> Assignment:
Once you reach the line with "Chrysotoxum cisalpinum Rondani, 1845" below, copy each line exactly, stopping after the line with "Oldenburger Stute 13", and skip any pictures.

> Dataset records:
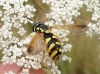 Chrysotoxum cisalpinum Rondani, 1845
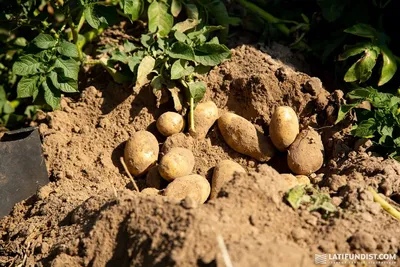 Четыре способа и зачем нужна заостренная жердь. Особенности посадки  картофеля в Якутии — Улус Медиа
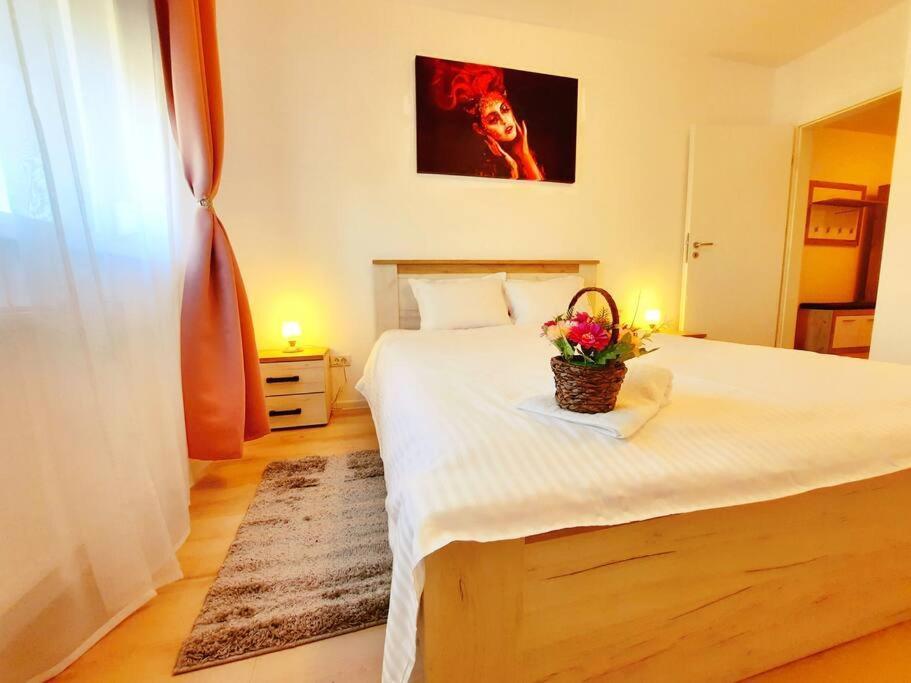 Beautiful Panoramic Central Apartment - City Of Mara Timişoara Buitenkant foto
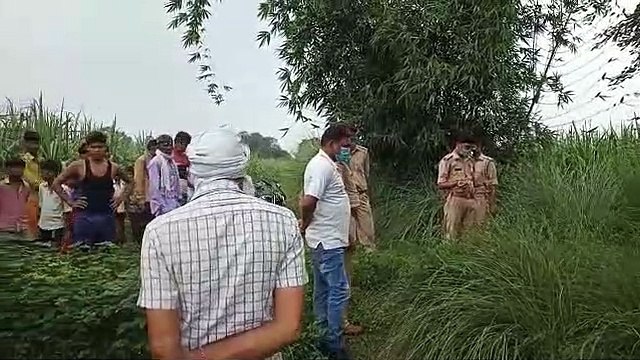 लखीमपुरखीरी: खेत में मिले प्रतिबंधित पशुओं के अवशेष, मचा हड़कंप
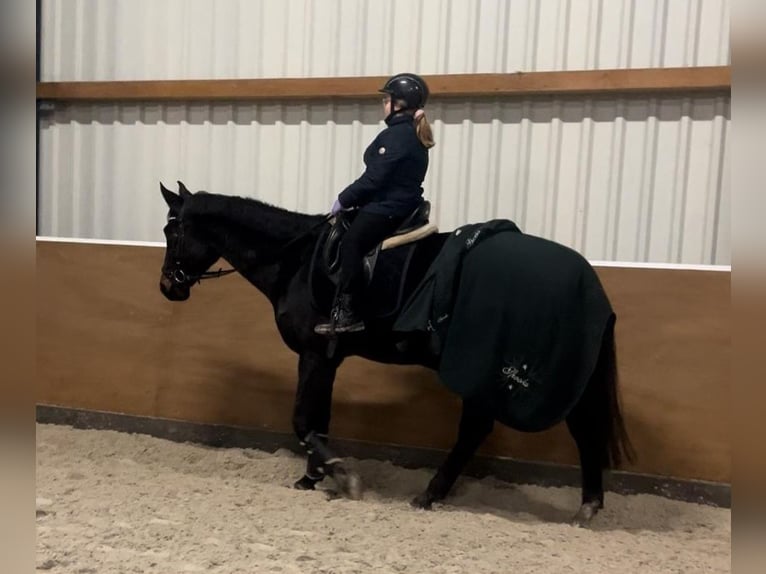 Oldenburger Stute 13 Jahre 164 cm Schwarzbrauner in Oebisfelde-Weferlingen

---

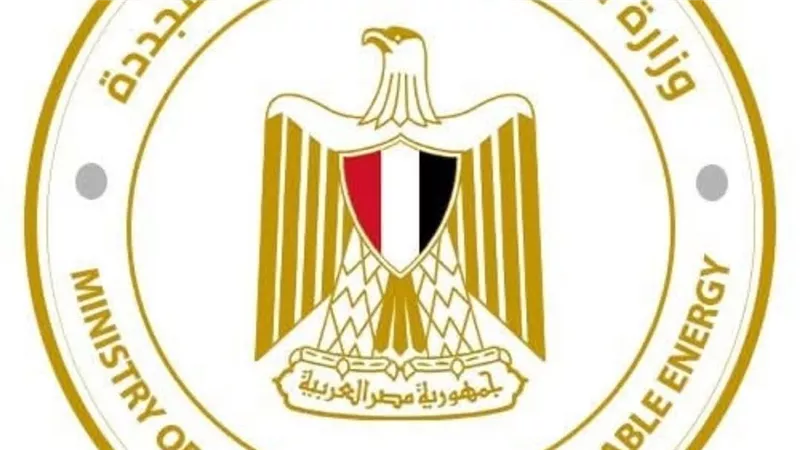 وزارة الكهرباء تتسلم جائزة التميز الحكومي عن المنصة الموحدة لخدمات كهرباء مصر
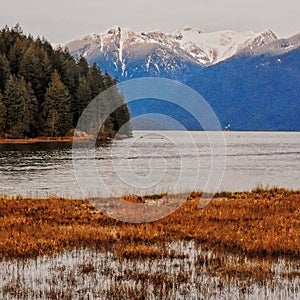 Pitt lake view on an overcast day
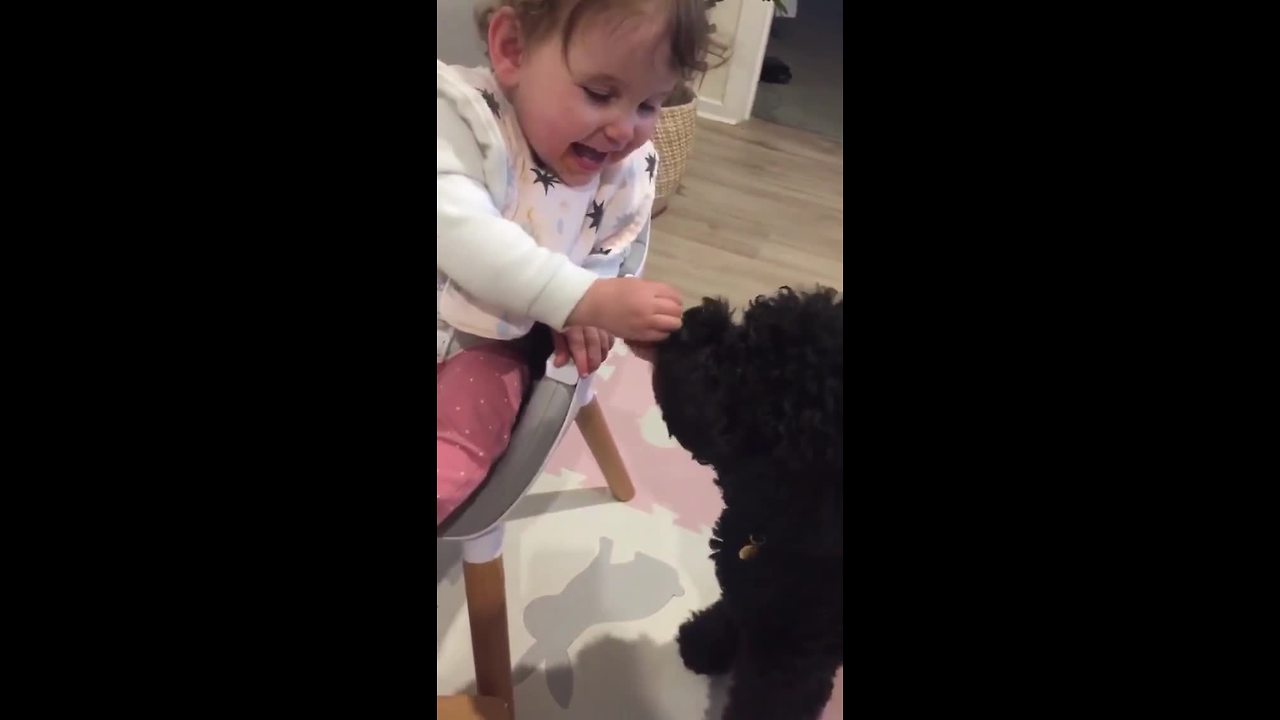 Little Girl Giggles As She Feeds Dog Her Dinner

==

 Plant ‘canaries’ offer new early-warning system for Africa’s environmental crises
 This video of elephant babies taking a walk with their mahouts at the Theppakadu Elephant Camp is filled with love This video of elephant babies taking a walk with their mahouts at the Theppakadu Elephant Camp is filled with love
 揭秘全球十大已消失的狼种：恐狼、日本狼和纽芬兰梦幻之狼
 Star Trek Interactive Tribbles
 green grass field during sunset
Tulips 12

> Written solution:
 Chrysotoxum cisalpinum Rondani, 1845
 Четыре способа и зачем нужна заостренная жердь. Особенности посадки  картофеля в Якутии — Улус Медиа
 Beautiful Panoramic Central Apartment - City Of Mara Timişoara Buitenkant foto
 लखीमपुरखीरी: खेत में मिले प्रतिबंधित पशुओं के अवशेष, मचा हड़कंप
 Oldenburger Stute 13 Jahre 164 cm Schwarzbrauner in Oebisfelde-Weferlingen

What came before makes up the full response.